Motorola MOTODEV, which is also Eclipse. "Based on Eclipse, MOTODEV Studio lets developers who are new to Android get started quickly and helps experienced developers get the job done even faster"

It's like I am exactly their targeting demographics.

My first question is, are there more pack like the nVidia or the Motorola one?

My second question is, should I setup Eclipse as instructed by Google's developer page or should I use the nVidia pack or the Motorola thing. (Or that I should use IntelliJ or netbeans?)

Was it helpful?

Solution

I'll chime in, but first a disclaimer, I am the Product Manager for MOTODEV Studio. I'll try not to market at you, especially since it's a free product. ;-)

I would love to have you for a user, but I really want to see you as a happy developer, no matter what tools you use. @Ollie has it right, find tools that you like and use them.

We try to be the good starter package for people who don't know Eclipse. There's a lot of setup with the Android SDK, ADT, and the platforms. For some, getting the tools set up can be confusing. We know where everything goes, so we try to uncomplicate it as much as we can.

We also try to add things that make life better for developers than just an installer. I won't enumerate, but go to the MOTODEV page and if you see what you like, try it out. It works for any Android device, not just a Motorola.

If you have questions, you can ask here (tag MOTODEV) or on our boards.

OTHER TIPS

Motodev is cancelled by Google in November - you cannot download it from Motorola web-site, only from users' backups and copies. Thus I wouldn't recommend using it to any professional developer.

Netbeans doesn't have official support for Android yet - you may develop for Android using plugins, but it's quite risky if a plugin's maintainer retires.

IntelliJ lacks jni support. At least I couldn't find it while briefly inspecting capabilities.

So it looks like Eclipse now is the only reasonable choice for full-scale android development.

Alternatively you may use Visual Studio 2010+ with http://code.google.com/p/vs-android/ for native android development. Since Android v.4.0 it supports native Activities, thus you may even try to develop the whole application in C/C++

It's a personal preference.

Many people use Eclipse, many people use IntelliJ. I use IntelliJ and I find it much better, but others may say the same about Eclipse.

This is a very subjective question, and it will yield many subjective answers.

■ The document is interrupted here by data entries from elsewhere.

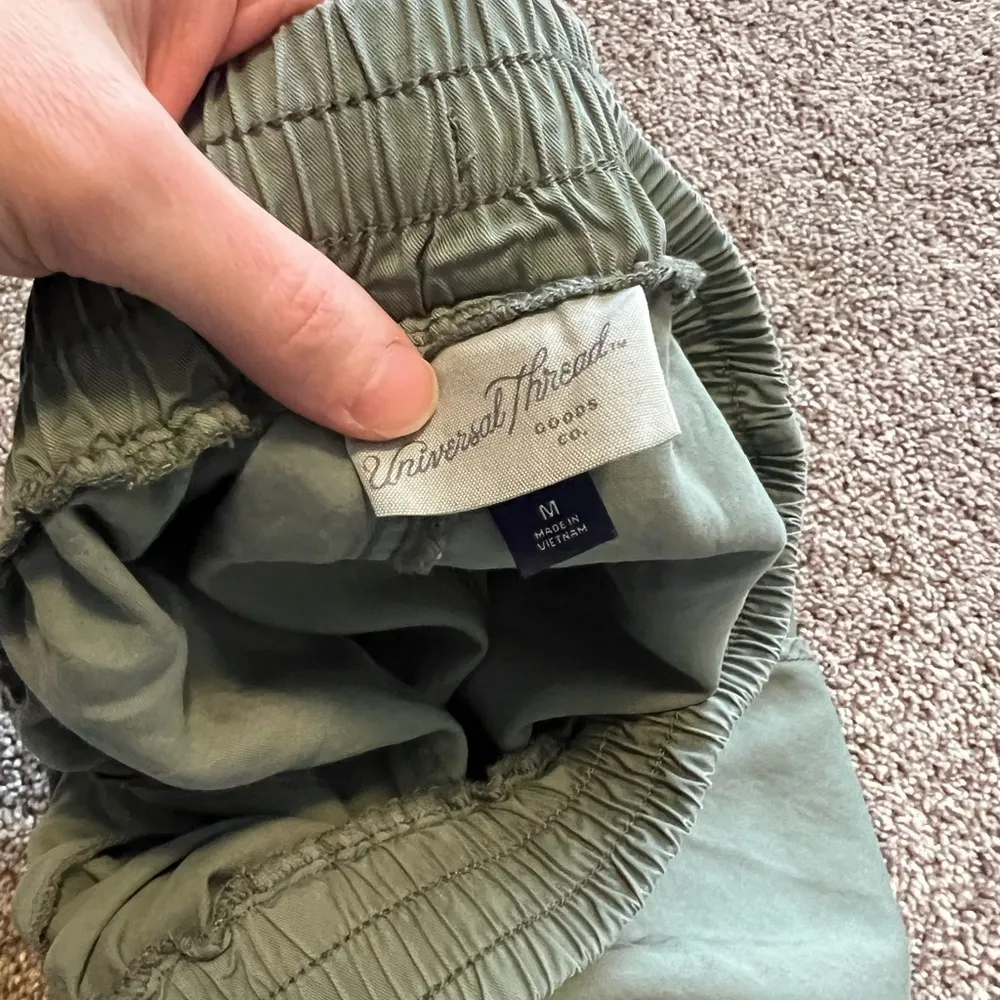 Universal Thread High Waist Green Shorts Relaxed Fit - Image 5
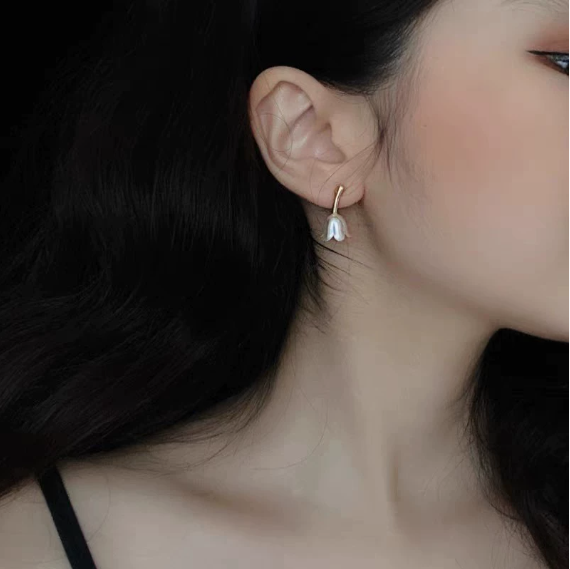 Tulip earrings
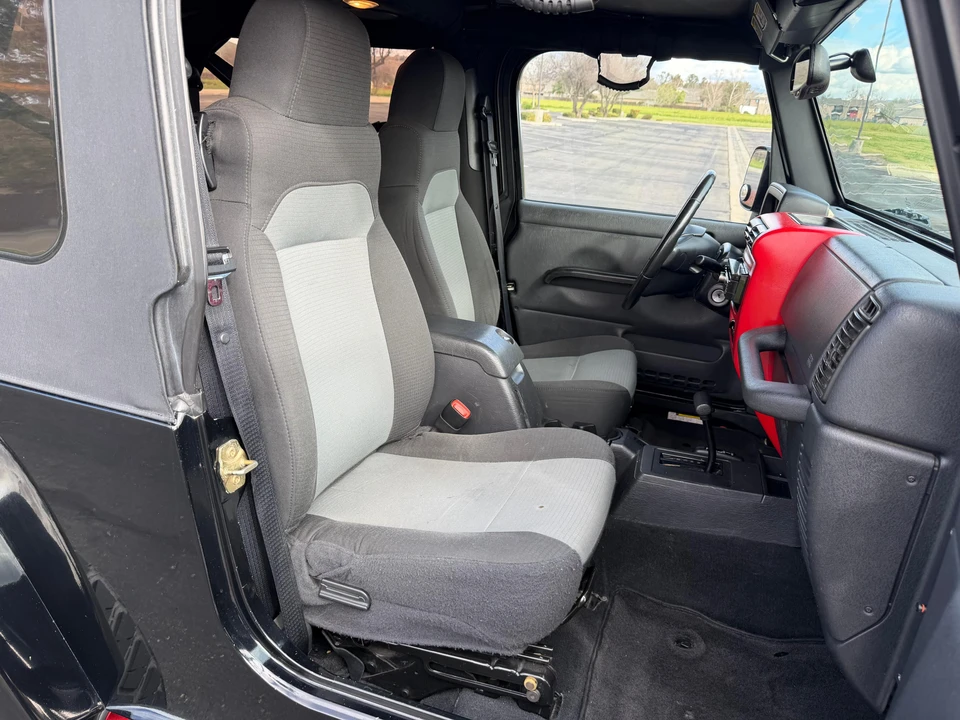 2006 Jeep TJ Wrangler - Image 22 of 31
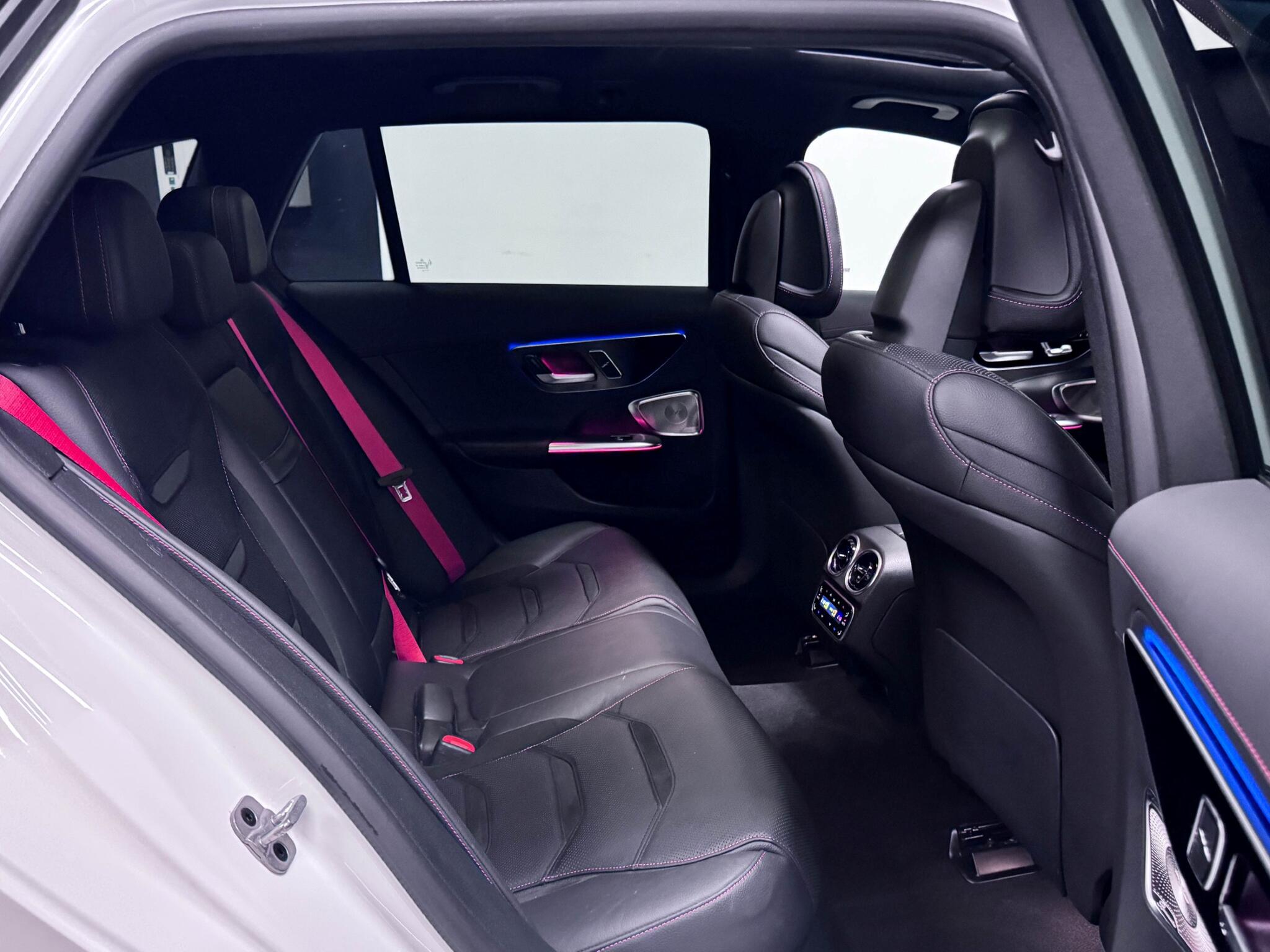 Mercedes-Benz C-Class view 9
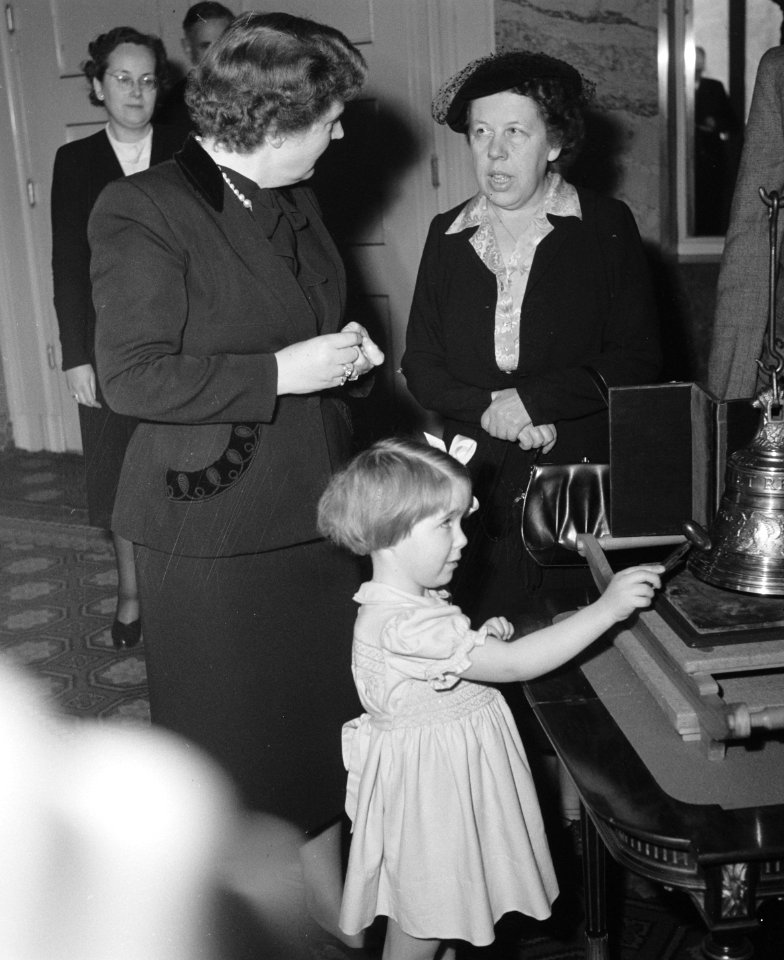 Prinses Christina slaat tegen het klokje koningin Juliana is in gesprek met Fre, Bestanddeelnr 904-9710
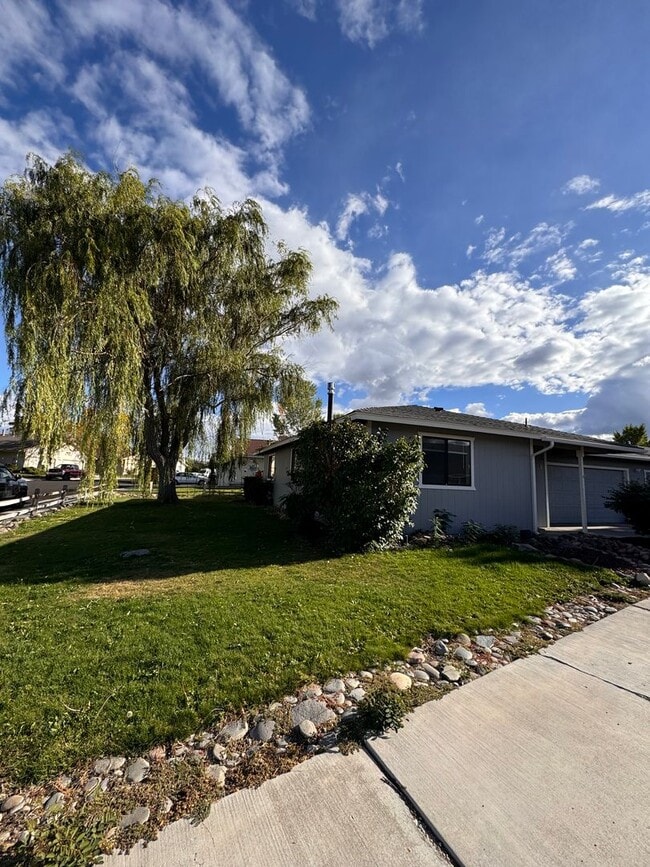 Photo - 1371 Kimmerling Rd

But here is mine:

I find that using Eclipse with ADT plugins is very convenient.

  • Both the Eclipse IDE and ADT plugins are updated regularly, so bugs are quickly squashed and new features are introduced
  • Eclipse has a huge user base, so it is quite easy to find answers
  • Branded or customized IDE tends to fall behind in terms of bug fixes and such

If you are doing generic android development, you should go for a clean Eclipse IDE (my subjective preference), or if you are doing Tegra only development it is probably wise to go for nVidia Tegra Android Development Pack.

I think that the pure Eclipse solution is better. Just based on the simple fact that t is the most widely used, and you will have an much bigger pool of resources to get help from when needed.
I briefly used the MOTODEV solution, but went back to pure Eclipse, because it didn't bring much of additional value. But in the end it boils down to personal preference. IntelliJ felt for me much slicker and closer to Visual Studio, but again I fell back to Eclipse.

I came across this thread while searching for some Eclipse links on Goog. I realize it's pretty old but in case others are looking for Android development IDE's I thought I'd post.

I work at NVIDIA in the Tegra team and work with a lot of Android developers - especially Android game developers who often use Windows on their dev machines. As part of our work, we created a plugin for Visual Studio 2010 and Visual Studio 2012 called Nsight Tegra. Using Nsight Tegra you can develop (and debug!!) Java and native/C++ Android applications from the comfort of VS. Very handy :)

NVIDIA also has a CPU and GPU profiler. The GPU profiler is especially handy for Android game developers wanting to understand the bottlenecks in their 3D pipeline or to try out different performance optimizations.

Anyway, the tools are free so check them out!